New PPP forgiveness guidance from SBA on owner-employee compensation and rent-related costs

September 1, 2020

New PPP forgiveness guidance from SBA on owner-employee compensation and rent-related costs

As you know, the Small Business Administration (SBA), which administers the Payroll Protection Program (PPP), began accepting loan forgiveness applications August 10.

More PPP guidance arrived August 24 from the Small Business Administration (SBA) and Treasury in the form of an interim final rule centered on Paycheck Protection Program (PPP) forgiveness issues related to owner-employee compensation and the eligibility of nonpayroll costs.

For business owners who thought they were clear on how to apply for PPP loan forgiveness, the new interim rule adds more complexity to certain areas of forgiveness. Some of the new provisions could work in your favor—or against you—depending on your business type and how you used your funds.

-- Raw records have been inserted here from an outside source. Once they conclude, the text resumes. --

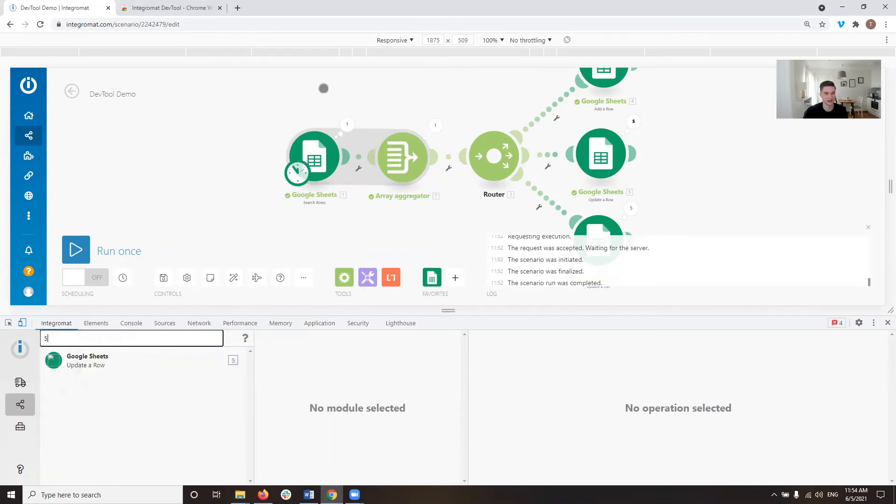So this is how to use the scenario debugger in Integromat, short but sweet video. If you want to also know how to use the tools section of the developer tools in Integromat, there's another video on that where I explain that and I go into detail on that.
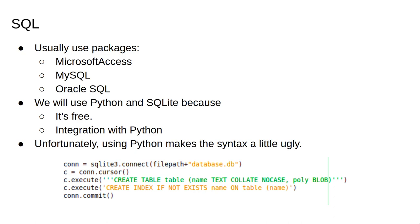However, the advantages outweigh this slight disadvantage, and we'll be using the SQLite 3 module to perform SQL queries in this lecture. SQLite is by no means an obscure implementation. It's very likely that your phone uses SQLite for database transactions, especially if you have an Android.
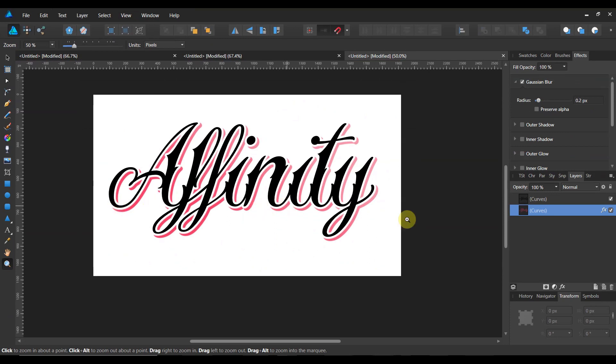But anytime you do a drop shadow, it's really the same technique. Click on it, put a stroke on it, expand the stroke into its own layer, and then offset the stroke and do a subtraction operation.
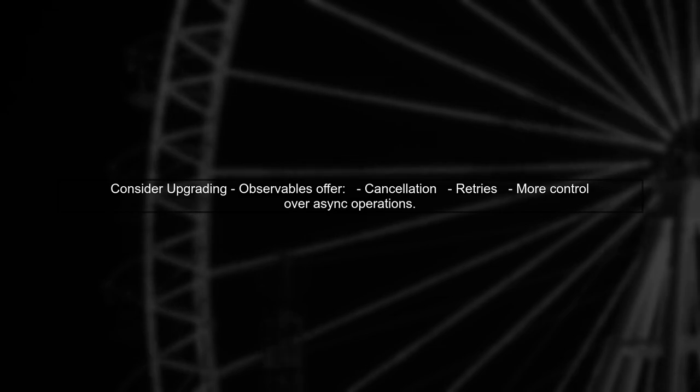Lastly, while promises are useful, consider using observables for more complex scenarios, especially when dealing with multiple asynchronous operations. They provide more flexibility and built-in mechanisms for cancellation and retries.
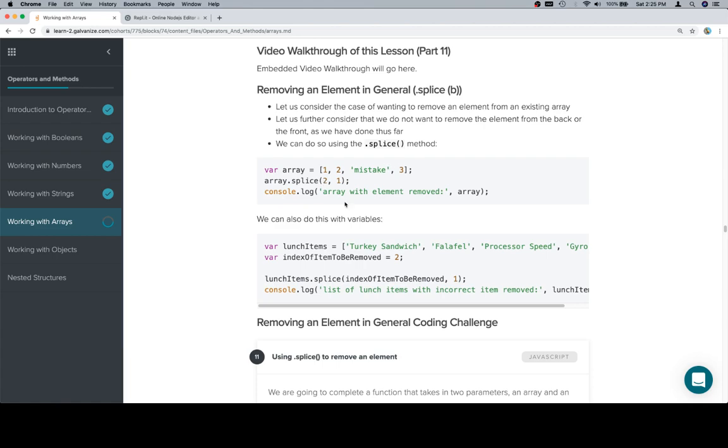So if we're removing an element in general, we only need the first two arguments. We need to say the index we want to remove an element from and the number of elements we want to remove, which is always going to be one for this example. If we wanted to remove two, the highlighted portion would be two, and so on and so forth.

To recap: In general, PPP loans are forgivable if your business used at least 60% of the loan for eligible payroll costs over a span of 24 weeks. Non-payroll costs, including mortgage interest, business rent and utilities are also eligible for forgiveness, but the new rules tweak certain eligibility requirements.

The new interim final rule establishes that owner-employees with less than a 5% stake in a C or S corporation are exempted from the PPP owner-employee compensation rule for determining the amount of their compensation for loan forgiveness. This exemption is designed to cover owner-employees who have no meaningful ability to influence decisions over how loan proceeds are allocated.

Additionally, the guidance details SBA and Treasury decisions that maintain equitable treatment between a business owner that holds property in a separate entity and one that holds the property in the same entity as its business operations.

In the first decision, the SBA and Treasury state the amount of loan forgiveness requested for nonpayroll costs may not include any amount attributable to the business operation of a tenant or subtenant of the PPP borrower.

The guidance illustrates this as follows:

Example 1: A borrower rents an office building for $10,000 per month and subleases out a portion of the space to other businesses for $2,500 per month. Only $7,500 per month is eligible for loan forgiveness.

Example 2: A borrower has a mortgage on an office building it operates out of, and it leases out a portion of the space to other businesses. The portion of mortgage interest that is eligible for loan forgiveness is limited to the percent share of the fair market value (FMV) of the space that is not leased out to other businesses. As an illustration, if the leased space represents 25% of the FMV of the office building, then the borrower may only claim forgiveness on 75% of the mortgage interest.

Example 3: A borrower shares a rented space with another business. When determining the amount that is eligible for loan forgiveness, the borrower must prorate rent and utility payments in the same manner as on the borrower’s 2019 tax filings, or if a new business, the borrower’s expected 2020 tax filings.

Example 4: A borrower works out of his or her home. When determining the amount of nonpayroll costs that are eligible for loan forgiveness, the borrower may include only the share of covered expenses that were deductible on the borrower’s 2019 tax filings, or if a new business, the borrower’s expected 2020 tax filings.

In the second decision regarding certain nonpayroll costs, the SBA and Treasury state rent or lease payments to a related party are eligible for loan forgiveness provided that (1) the amount of loan forgiveness requested for those payments is no more than the amount of mortgage interest owed on the property during the covered period that is attributable to the space being rented by the business, and (2) the lease and the mortgage were entered into prior to Feb. 15, 2020.

It's important to note that mortgage interest payments to a related party are not eligible for forgiveness. The ruling outlines that PPP loans are intended to help businesses cover nonpayroll costs owed to third parties, not payments to a business’s owner that occur because of how the business is structured.